Theroux’s book highlights the issues that Mexico is going through from immigration from the Northern Triangle to the ever-present threat of the drug cartels to the hopes of Mexico’s indigenous populations who believe that they have been left behind as other villages and towns hollowed out while the economic gains went elsewhere. It’s not just the issues that Theroux shines a lens on but also the beauty of the country’s culture and its warm people. As an elderly traveler, Theroux is treated with great respect and even reverence as ‘Don Pablo.’
He is welcomed as a guest, kept safe by complete strangers, and invited to interview Mexicans who normally would not talk to foreign travelers. Theroux travels all the way from Massachusetts across the border where few Americans are found to cross. He does so in his own car on his own dime and does not travel with any security or any kind of companionship. He learns Spanish and teaches writing to Mexican students. He is a refreshing kind of traveler, one who remembers to show people through a human lens and to not deal with harmful stereotypes.

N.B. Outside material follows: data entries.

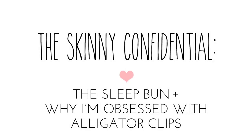This was definitely one of the most requested tutorials. I did a post on this on the Skinny Confidential and you guys wanted to see exactly what I was talking about. So I'm going to show you how I do a sleep bun.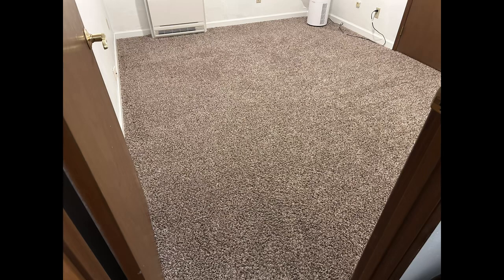We got carpets, we got wood, and we got linoleum. Let's go!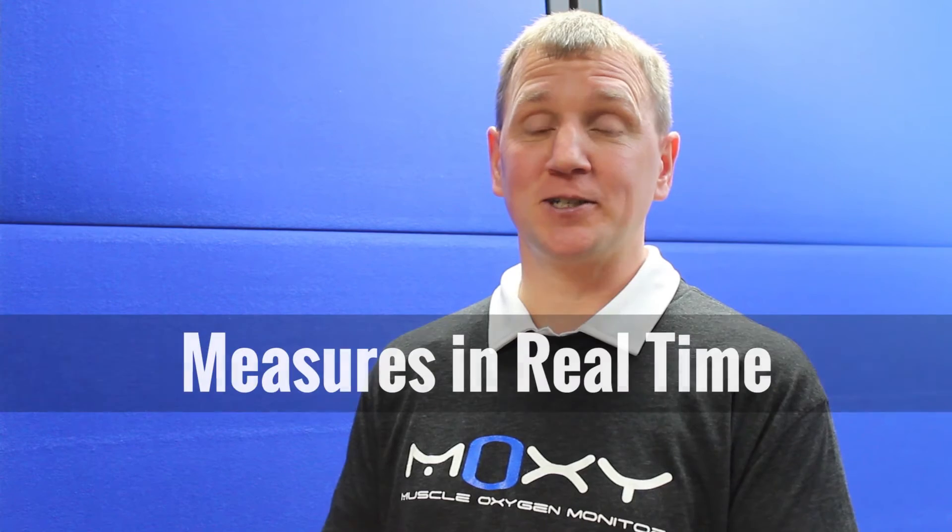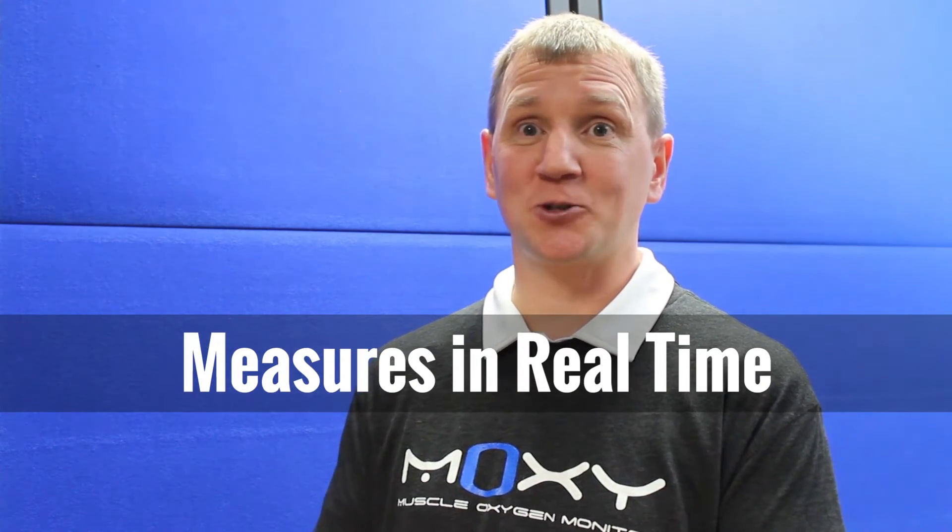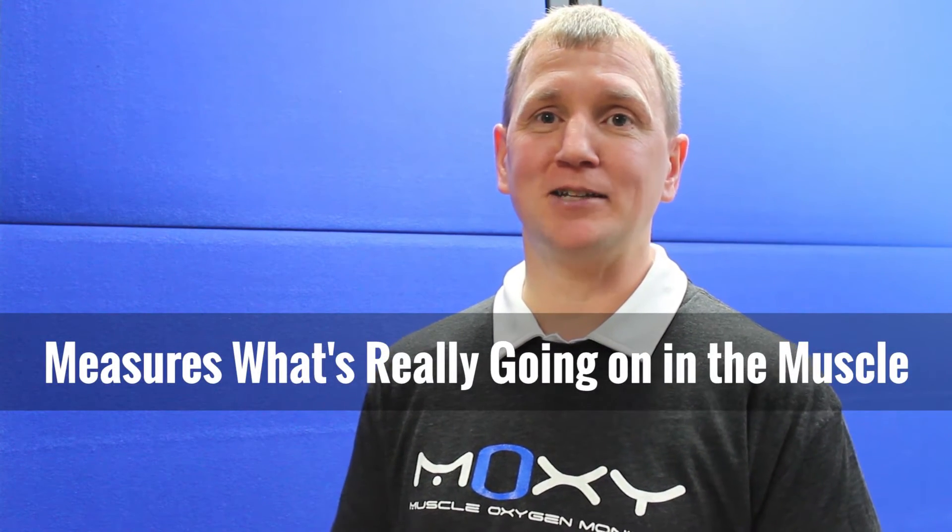Moxie is a completely new technology. It allows you to measure oxygen levels in the muscle in real-time. This makes up for some of the disadvantages of the other two measures. For one, it's real-time. You don't have to put up with the time lags or try and interpret the data in light of the time lags. And it also measures in the muscle what's really going on in the muscle.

Overall, ‘On the Plain of Snakes’ is an excellent travel novel for anyone interested in learning more about Mexico’s people, its culture, its struggles, and its hopes for a better future.

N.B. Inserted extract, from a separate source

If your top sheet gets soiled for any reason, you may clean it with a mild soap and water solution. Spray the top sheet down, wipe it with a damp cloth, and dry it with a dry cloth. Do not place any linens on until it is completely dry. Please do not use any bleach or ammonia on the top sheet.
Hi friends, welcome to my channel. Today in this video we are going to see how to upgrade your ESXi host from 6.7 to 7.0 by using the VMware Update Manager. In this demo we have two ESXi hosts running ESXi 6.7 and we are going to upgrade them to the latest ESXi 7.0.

3. Rule Makers, Rule Breakers: How Tight and Loose Cultures Wire Our World by Michele J. Gelfand
This book has been my favorite one of 2020 and I only heard of it through a weekly David Brooks column in The New York Times Opinion section. The differences and similarities between cultures and societies is a topic that has fascinated me for years. As someone who has lived in both loose and tight countries as Mrs. Gelfand so brilliantly classifies, it is fascinating to see her extensive research come into fruition and how these loose and tight countries affect our outlook on everything from celebrations to driving to health care to tattoos.
Tight countries are cultures where norms are preserved and breaking them is frowned upon. Societal cohesion is encouraged and straying from norms is open to punishment. Loose countries are cultures where norms are often broken and breaking them usually comes with a shrug or a lack of care. Why do Germans always stop at a red light even when its 3 AM? Why do Brazilian clocks never run on time? Why do Japanese trains always run on time? Why do Singaporean laws ban gum from being chewed?
These tight and loose differences do not just extend to countries but also to states, cities, organizations, businesses and even within us. This book of ‘tight and loose’ norms highlights how we feel about any subject and how that is reflected in how we act with others. There is no right or wrong answer as to whether living in a tight culture is better or if living in a loose culture is better. Mrs. Gelfand excellently points out in each chapter how they both have their advantages and disadvantages depending upon the norm being considered.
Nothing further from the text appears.